As shown in the drawings, the backing 10 for the heat transfer of FIGS. 1, 2 and 4 can be of a plastic such as regenerated cellulose or a polyester, but preferably is of paper which has a relatively lower cost. Some papers are sufficiently smooth so that no sizing or other special treatment is required to prepare them for use as a backing or carrier, while others can be made satisfactory by means of conventional sizings. A release coating or transfer layer 12, which may be a conventional wax coating, coated or printed, but which is preferably a dry release, is laid down upon the face of the paper 10 and the exposed surface of the release coating is printed with a pattern 14 of conventional ink, e.g., lacquers of polyamide or nitrocellulose resins containing pigments or dyes, using conventional printing equipment such as letter press, rotogravure, or flexographic presses. Multi-color patterns can be printed in the usual manner. Following the printing of the ink pattern or design 14, a predetermined pattern 16 is printed using a conventional transparent adhesive composition instead of ink. The adhesive composition may be one of the usual pressure-sensitive adhesives which are tacky at room temperature or it may, if desired, be a heat-activatable or heat-sensitive adhesive which is tacky only when heated to elevated temperatures. The adhesive pattern employed is precisely the pattern desired for the metal film in the finished heat transfer.

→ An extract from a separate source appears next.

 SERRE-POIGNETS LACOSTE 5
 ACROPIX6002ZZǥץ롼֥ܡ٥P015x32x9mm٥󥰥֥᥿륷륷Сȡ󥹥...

Following the printing operations, there is provided a conventional hot stamping film consisting of the polyester backing or temporary carrier 18 (FIG. 4) carrying a release coating of meltable wax or resin 19 on which a thin evaporated aluminium film 20 is deposited. The metal film 20 can have a conventional overall heat-activatable adhesive layer, where lamination is performed below activation temperature, but preferably such overall adhesive layer is omitted. Except for the final adhesive layer, this hot stamping film is of the type commonly used for applying metal film to plastic or the like by means of a heated die.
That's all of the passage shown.